### What this task involves:
Everything from the line containing "Галлюциногенные грибы Magic Shrooms Фрязино" through the final line of the entries, both included, should be copied exactly and with nothing else; please skip pictures.

### Exercise input:

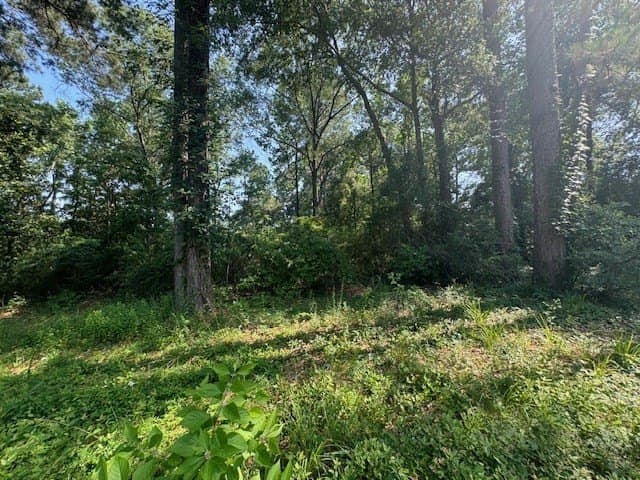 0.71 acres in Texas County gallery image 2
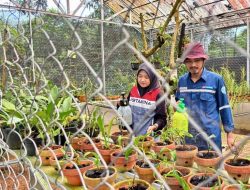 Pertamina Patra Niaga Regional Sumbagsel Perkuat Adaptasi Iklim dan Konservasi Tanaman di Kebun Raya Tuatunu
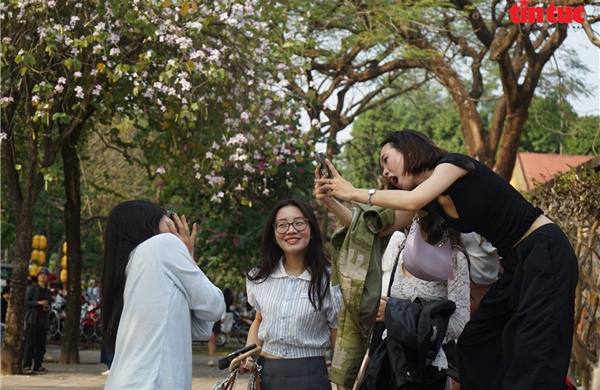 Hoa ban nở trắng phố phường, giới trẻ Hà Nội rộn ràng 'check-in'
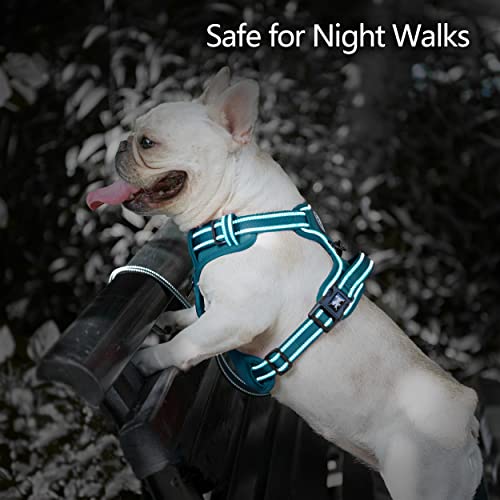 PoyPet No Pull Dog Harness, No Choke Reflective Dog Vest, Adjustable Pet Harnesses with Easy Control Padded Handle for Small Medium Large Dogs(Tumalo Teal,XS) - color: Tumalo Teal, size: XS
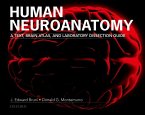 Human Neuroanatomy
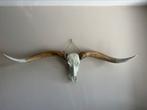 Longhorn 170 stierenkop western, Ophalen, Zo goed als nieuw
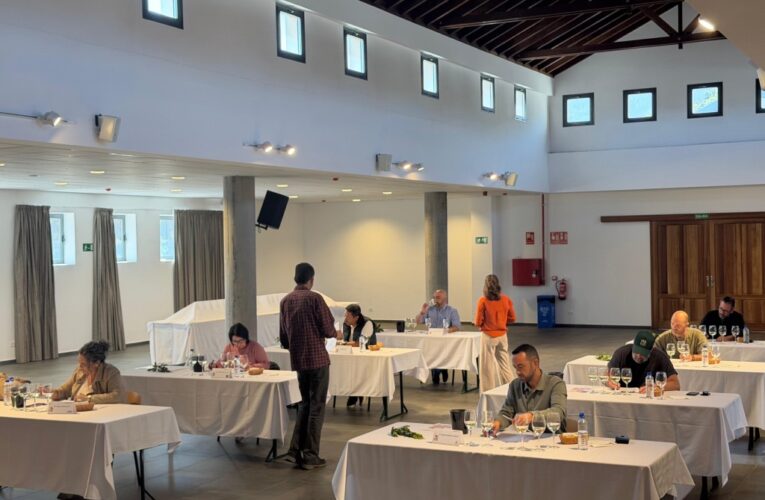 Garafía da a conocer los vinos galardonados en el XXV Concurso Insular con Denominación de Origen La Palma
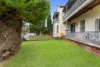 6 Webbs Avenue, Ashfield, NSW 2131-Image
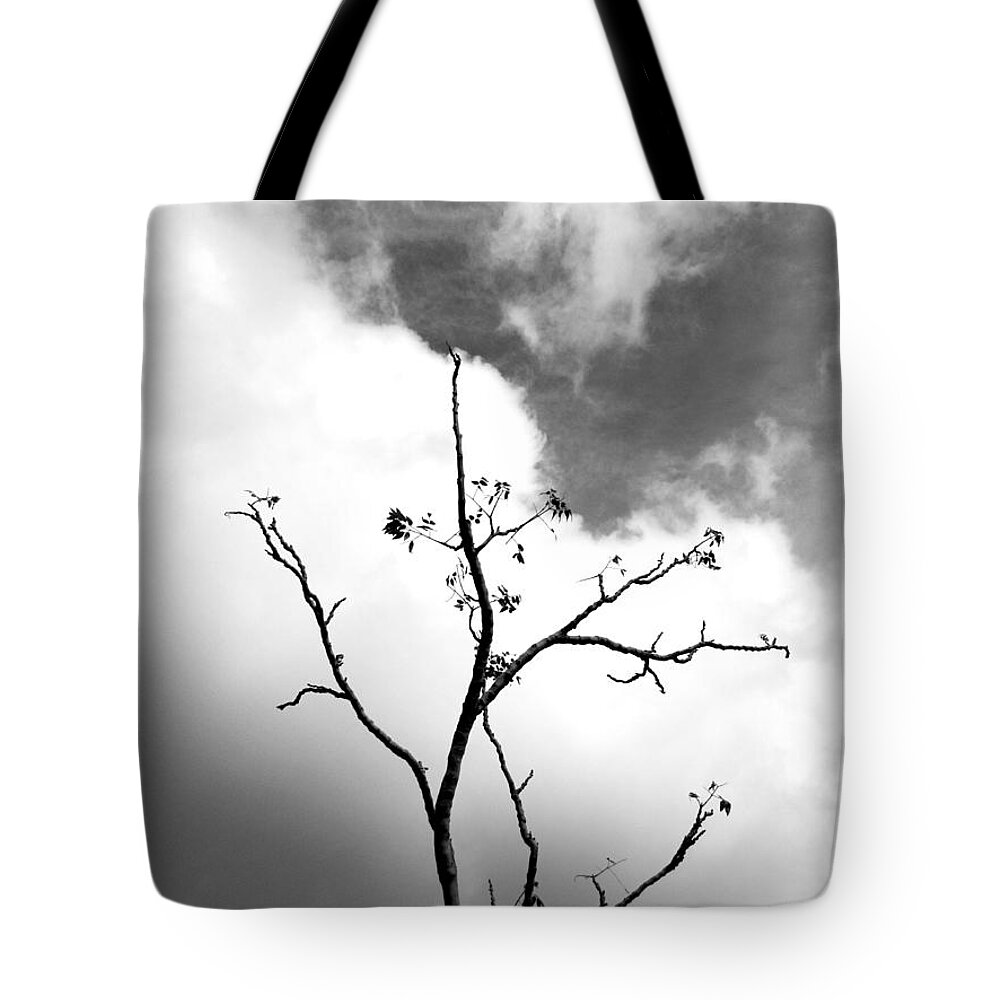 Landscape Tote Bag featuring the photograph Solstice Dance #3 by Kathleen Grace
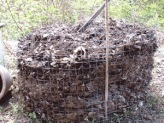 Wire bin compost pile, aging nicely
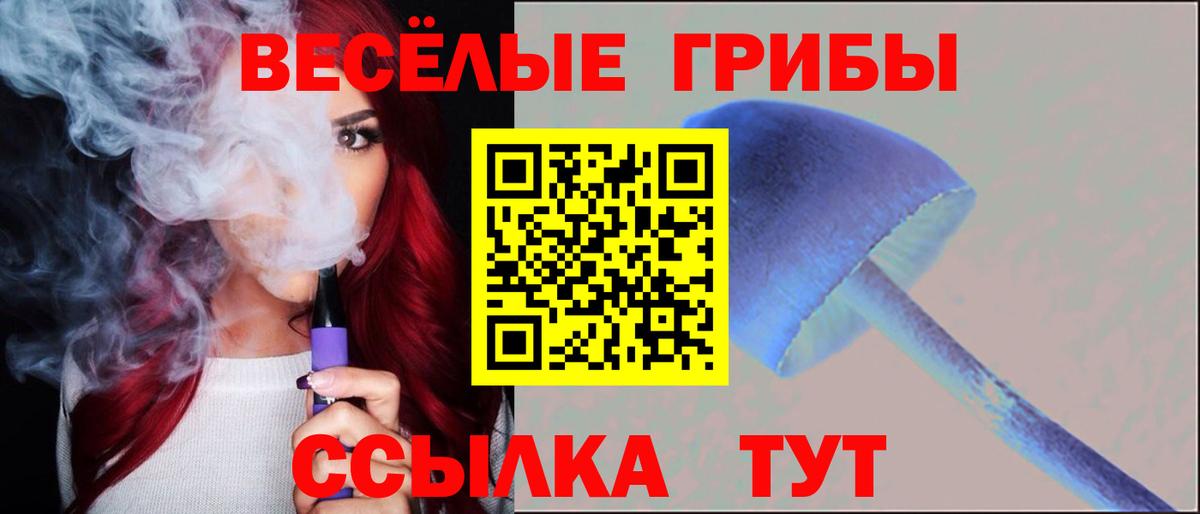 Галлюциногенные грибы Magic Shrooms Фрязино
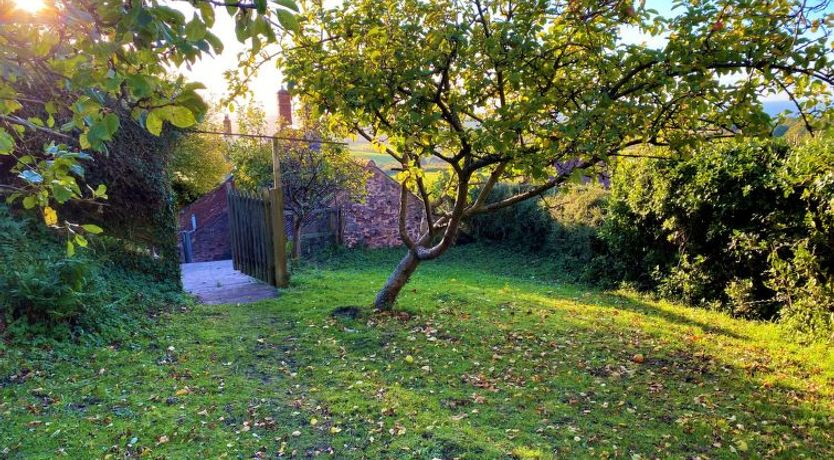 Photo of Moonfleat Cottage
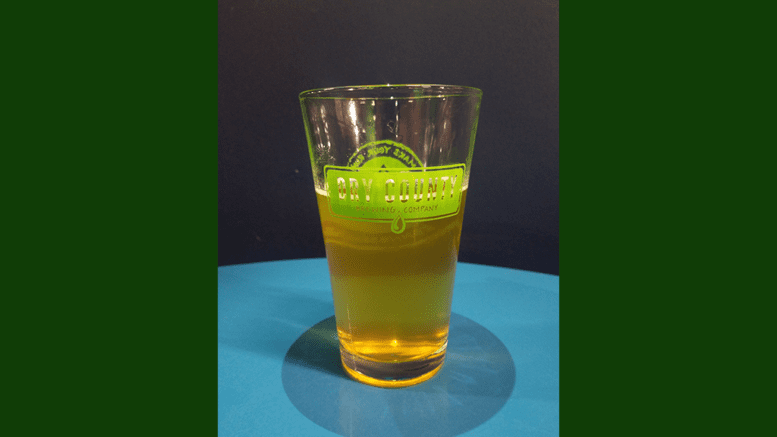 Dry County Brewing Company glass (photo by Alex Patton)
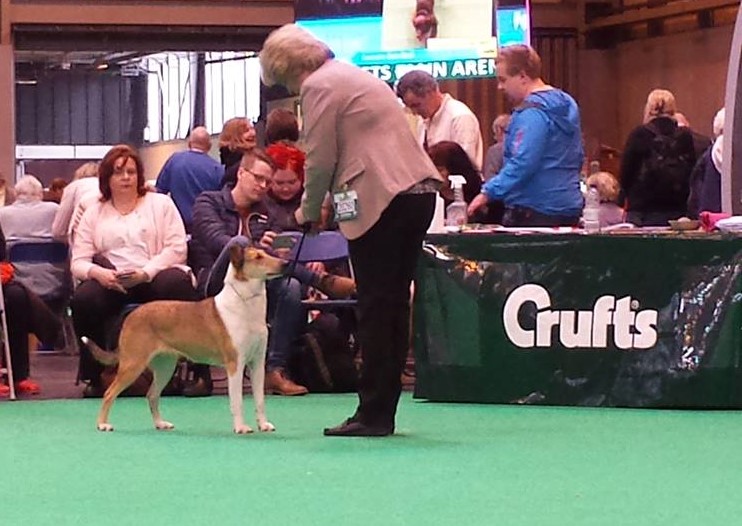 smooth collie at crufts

### Exercise answer:
 Галлюциногенные грибы Magic Shrooms Фрязино
 Photo of Moonfleat Cottage
 Dry County Brewing Company glass (photo by Alex Patton)
 smooth collie at crufts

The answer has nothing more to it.